---------- MATERIAL SHOWN

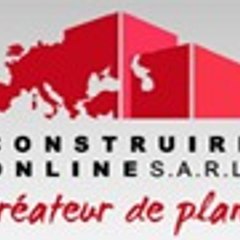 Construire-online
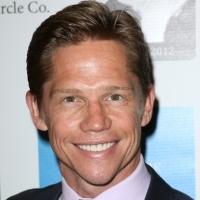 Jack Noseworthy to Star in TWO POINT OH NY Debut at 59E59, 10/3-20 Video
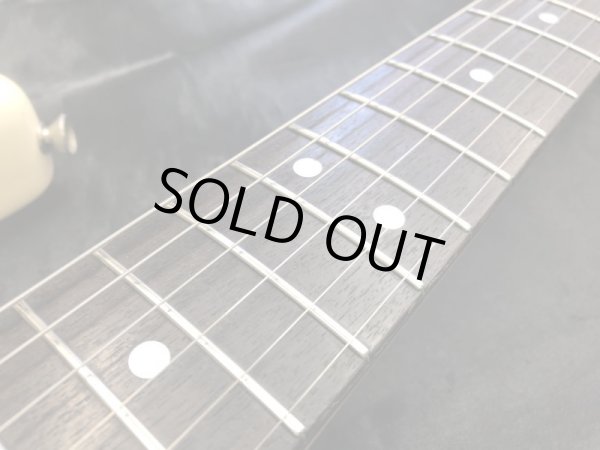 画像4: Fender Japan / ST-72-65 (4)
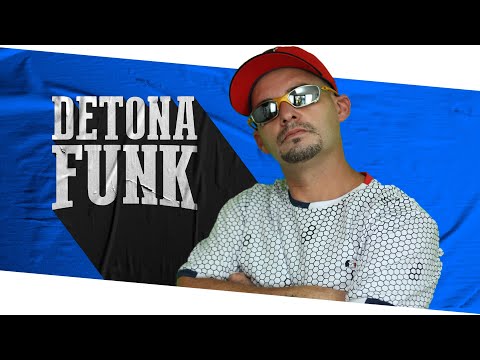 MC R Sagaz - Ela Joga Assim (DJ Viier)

--------------------
---------- MATERIAL SHOWN

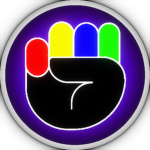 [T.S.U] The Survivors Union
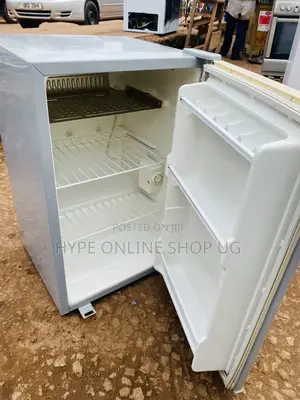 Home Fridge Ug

--------------------
---------- MATERIAL SHOWN

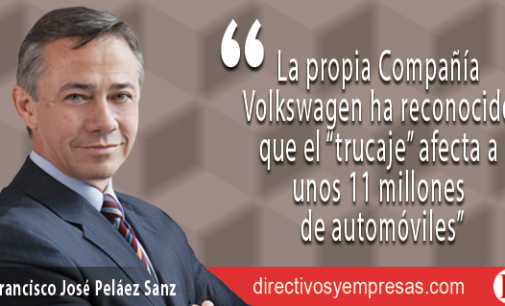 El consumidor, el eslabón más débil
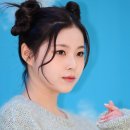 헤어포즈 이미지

--------------------

In the records above, find the line with "Construire-online" and the line with "MC R Sagaz - Ela Joga Assim (DJ Viier)", then restate word for word only those two lines and all lines between, omitting pictures.

 Construire-online
 Jack Noseworthy to Star in TWO POINT OH NY Debut at 59E59, 10/3-20 Video
 画像4: Fender Japan / ST-72-65 (4)
 MC R Sagaz - Ela Joga Assim (DJ Viier)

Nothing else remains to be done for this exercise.